Data block Block Start

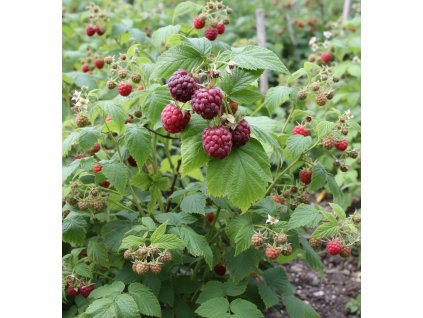 white bg result (10)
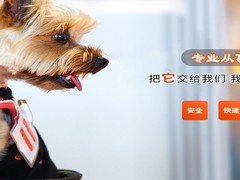 兰州宠物托运公司电话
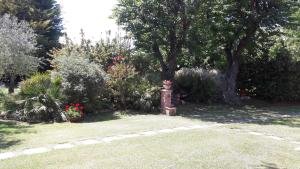 A garden outside Villa Fabbri
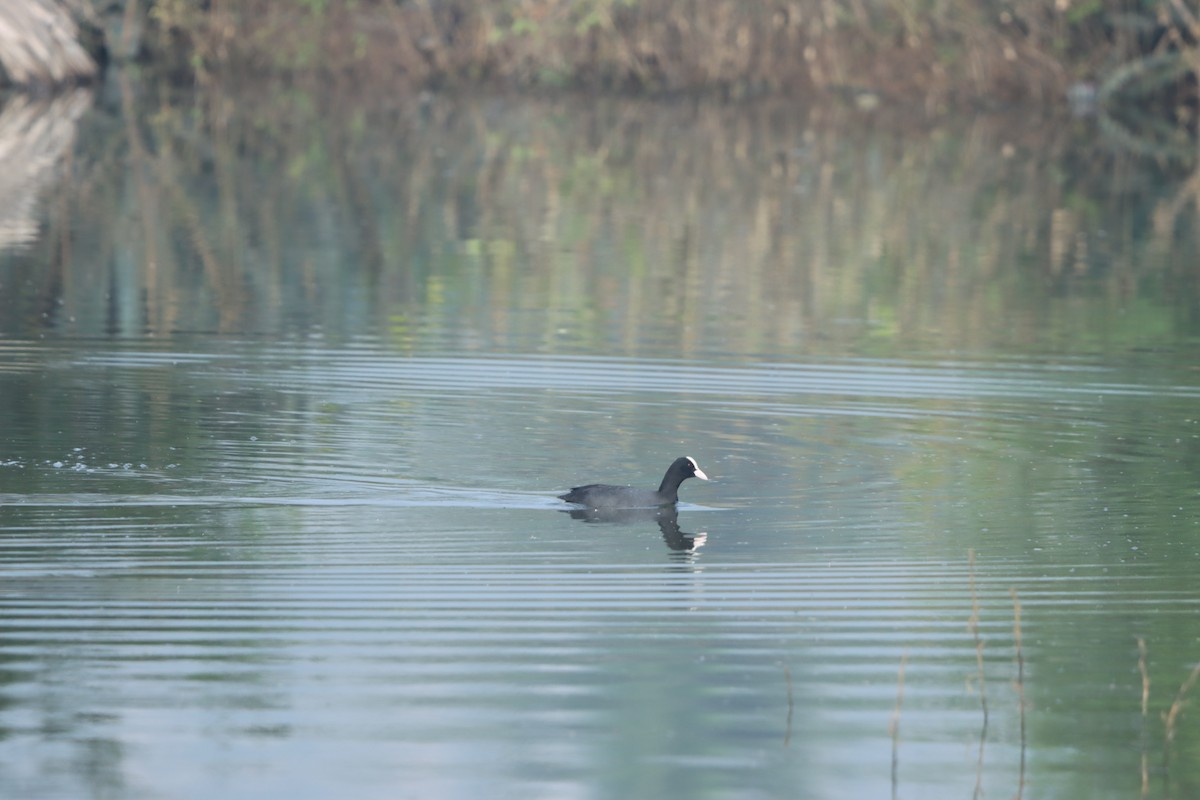 Лиска звичайна - ML646499245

Data block Block End

**Work required:** Make an exact copy of the data, leaving its pictures out.

**Exercise output:**
 white bg result (10)
 兰州宠物托运公司电话
 A garden outside Villa Fabbri
 Лиска звичайна - ML646499245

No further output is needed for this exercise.